The Astronomical Society of Southern Africa (ASSA), formed in 1922, is a widespread body consisting of both amateur and professional astronomers. There are eight autonomous centres throughout Southern Africa.

==History==
The Cape Astronomical Association was established in 1912, shortly after the 1910 appearance of Halley's Comet. Sydney Samuel Hough, HM Astronomer at the Cape, was chosen President. In 1918, the Johannesburg Astronomical Association was created, with RTA Innes, Union Astronomer, as President. In 1922 it was decided to merge the two Associations to form the Astronomical Society of South Africa after an invitation from the Cape Association. In 1956 the name was amended to become the Astronomical Society of Southern Africa.

==Membership and publications==
Membership is open to all interested persons. The Society publishes the on-line peer-reviewed journal Monthly Notes of the Astronomical Society of Southern Africa (MNASSA). In addition to MNASSA, the annual handbook Sky Guide Africa South (SkyGuide) is distributed to members and is available for the public.

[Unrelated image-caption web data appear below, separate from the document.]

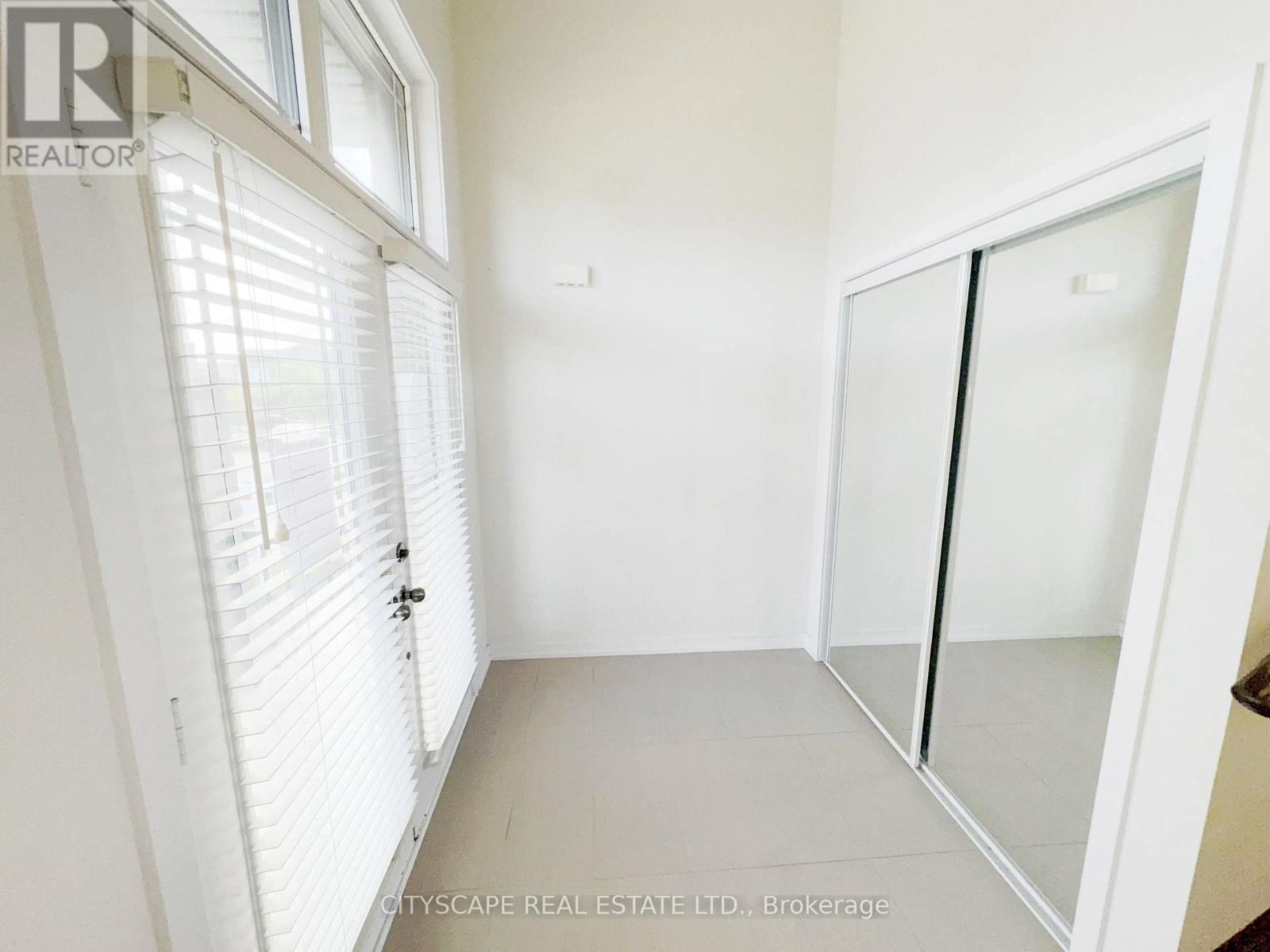 16 Pagebrook Crescent, Hamilton (Stoney Creek Mountain), Ontario  L8J 0K7 - Photo 6 - X12962654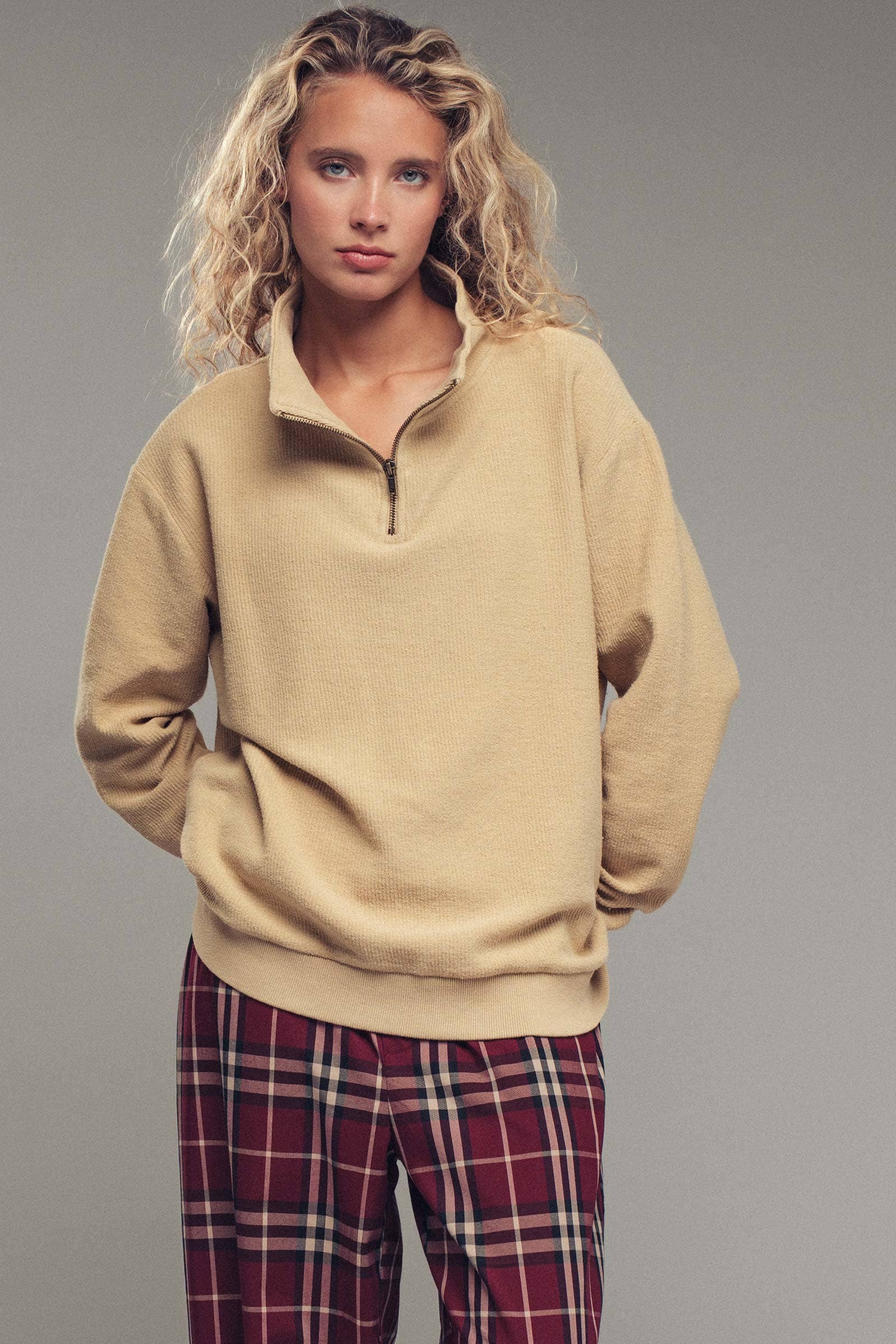 Urban Daizy - Wholesale Sweatshirt - Women's - Vintage Washed Quarter Zip Ribbed Sweatshirt6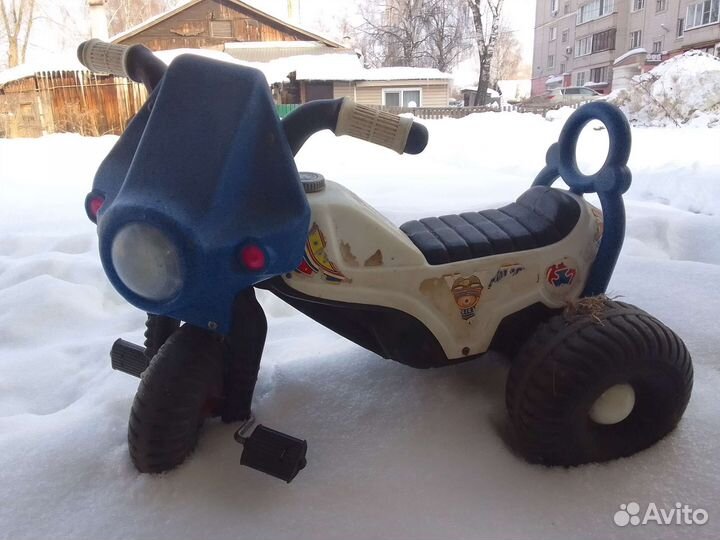 Маленький детский велосипед, пластмассовый,крепкий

==Some notable former members==
- John Caister Bennett served as president of the society for some time from 1969. Bennet discovered comet C/1969 (Comet Bennett) and main-belt asteroid 4093 Bennett is also named after him.
- Alexander F. I. Forbes discovered comet 37P/Forbes.
- Robert T. A. Innes, discoverer of the nearest star, Proxima Cen
- John Francis Skjellerup was one of the founding members of the society. A number of comets carry his name, including 26P/Grigg-Skjellerup and Comet Skjellerup-Maristany. A comet discovery by Skjellerup was one of the main reasons for the formation of the Cape Astronomical Association in 1912.
- Jan Christian Smuts, South African statesman, World War II leader and author of the preamble to the United Nations charter was an ordinary fee-paying member.

==Gill Medal==

The Gill Medal is awarded by the Council of the Society for services to astronomy with special consideration to services in southern Africa. It was established in 1955 April and was first awarded in 1956 to Harold Knox Shaw.
The Medal commemorates Sir David Gill, HM Astronomer at the Cape (1879–1907), renowned for his numerous researches, especially in positional astronomy and geodesy, and for his part in consolidating astronomical science in Southern Africa.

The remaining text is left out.